Record set —
------------------------------
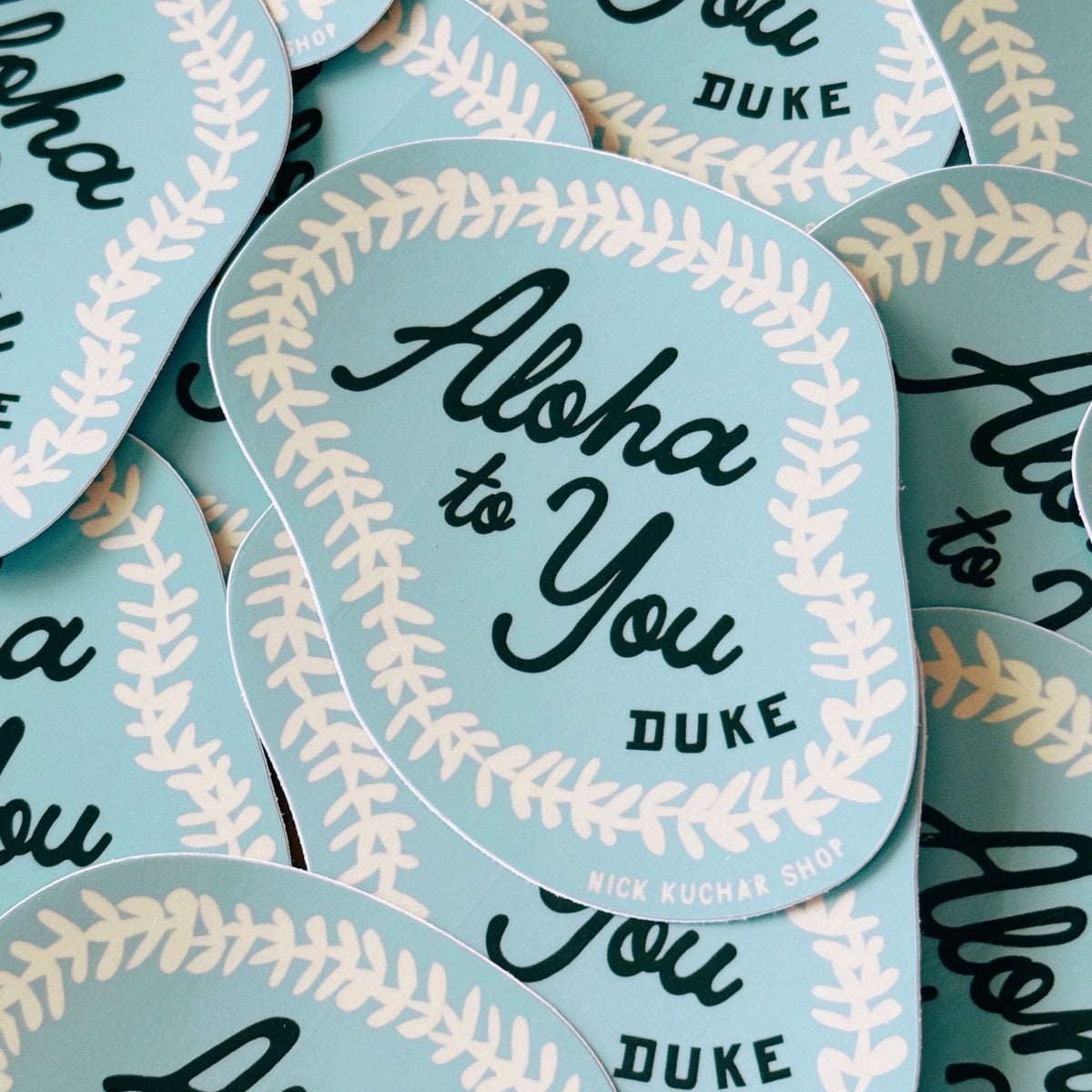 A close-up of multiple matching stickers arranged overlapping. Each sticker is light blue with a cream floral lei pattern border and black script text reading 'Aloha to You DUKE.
------------------------------
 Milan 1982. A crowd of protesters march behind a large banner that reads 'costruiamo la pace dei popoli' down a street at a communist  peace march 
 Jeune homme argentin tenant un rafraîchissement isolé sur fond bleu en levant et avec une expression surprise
------------------------------
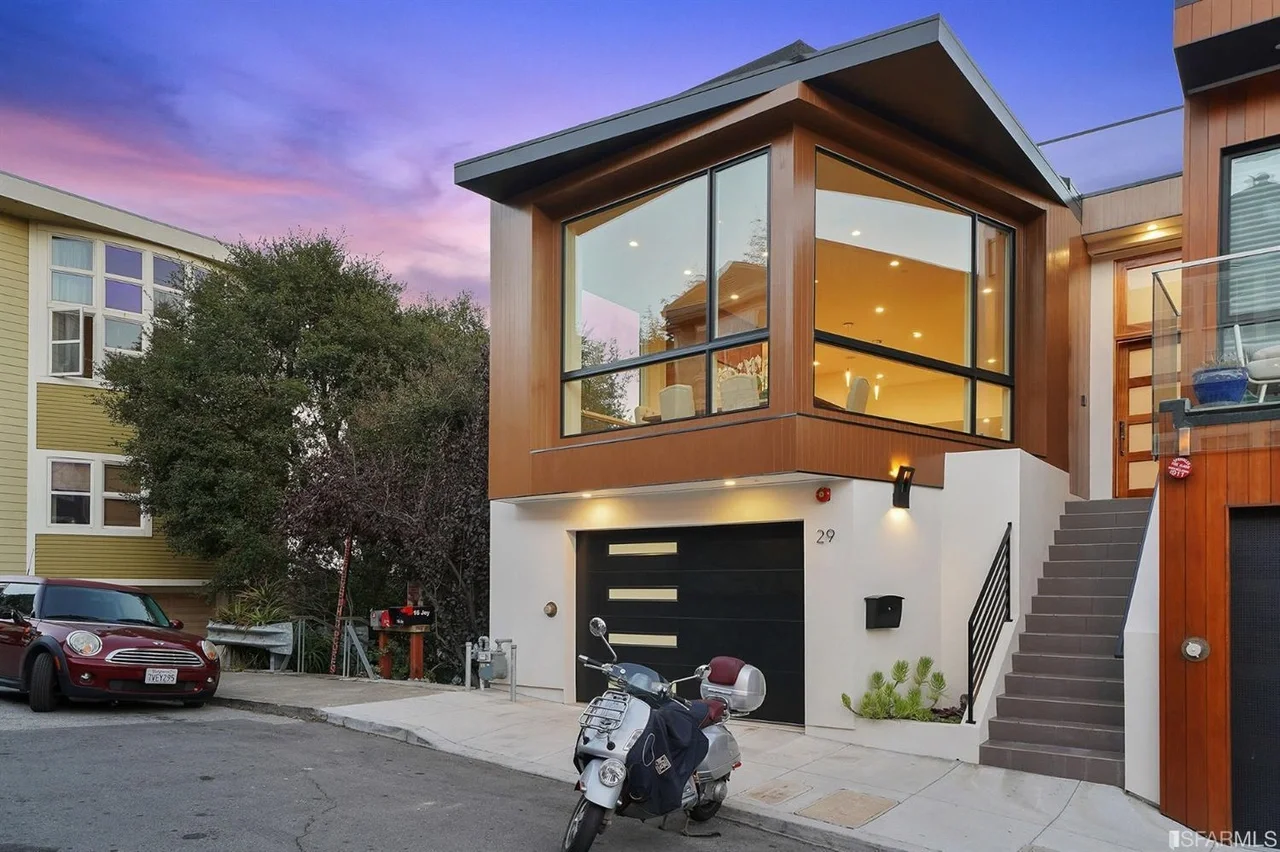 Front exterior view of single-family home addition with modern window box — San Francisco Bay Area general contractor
------------------------------
Only the lines above from the line containing "Milan 1982. A" through the line containing "Jeune homme argentin" should be retyped, exactly and with both ends included.

Exercise solution —
 Milan 1982. A crowd of protesters march behind a large banner that reads 'costruiamo la pace dei popoli' down a street at a communist  peace march 
 Jeune homme argentin tenant un rafraîchissement isolé sur fond bleu en levant et avec une expression surprise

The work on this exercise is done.